(Data provided)

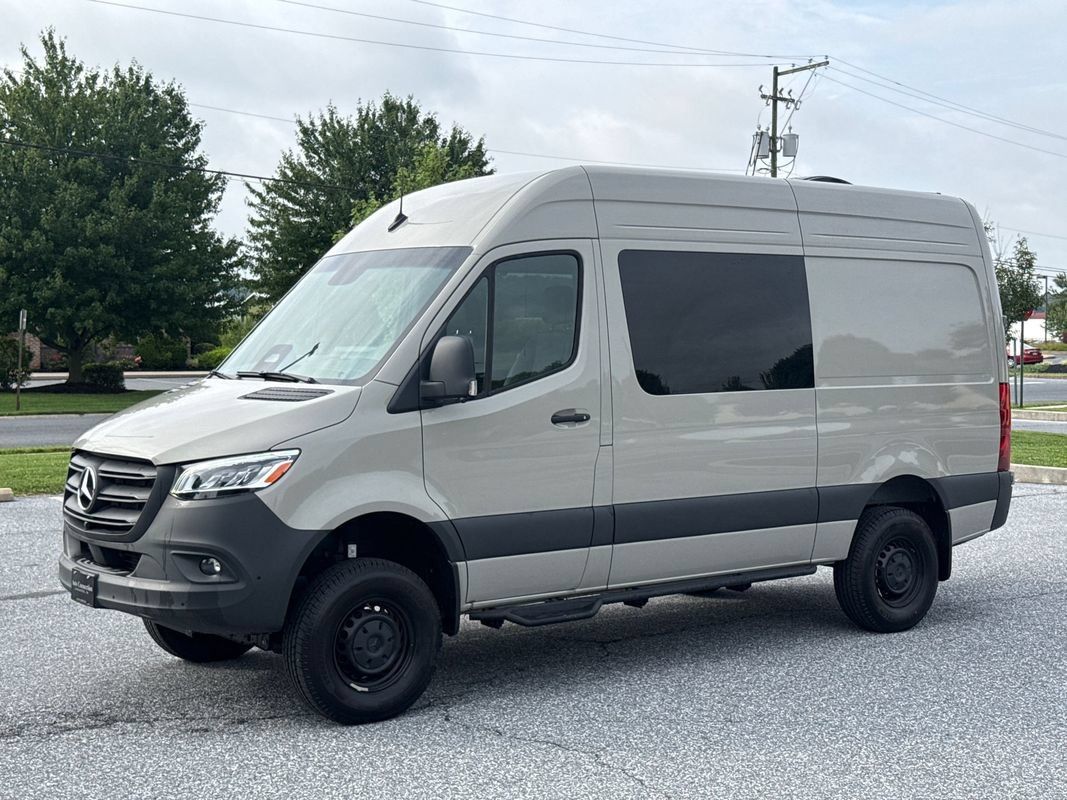 Used 2026 Mercedes-Benz Sprinter 2500 image 4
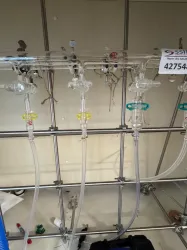 Glass Vacuum Manifold for Multi-Sample Vacuum Filtration and Processing, 2 of 4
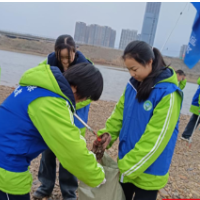 绿色卫士齐努力，沩水母亲河更美丽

(End Data provided)

=== Exercise details ===
Output the data verbatim, images excluded.

=== Result ===
 Used 2026 Mercedes-Benz Sprinter 2500 image 4
 Glass Vacuum Manifold for Multi-Sample Vacuum Filtration and Processing, 2 of 4
 绿色卫士齐努力，沩水母亲河更美丽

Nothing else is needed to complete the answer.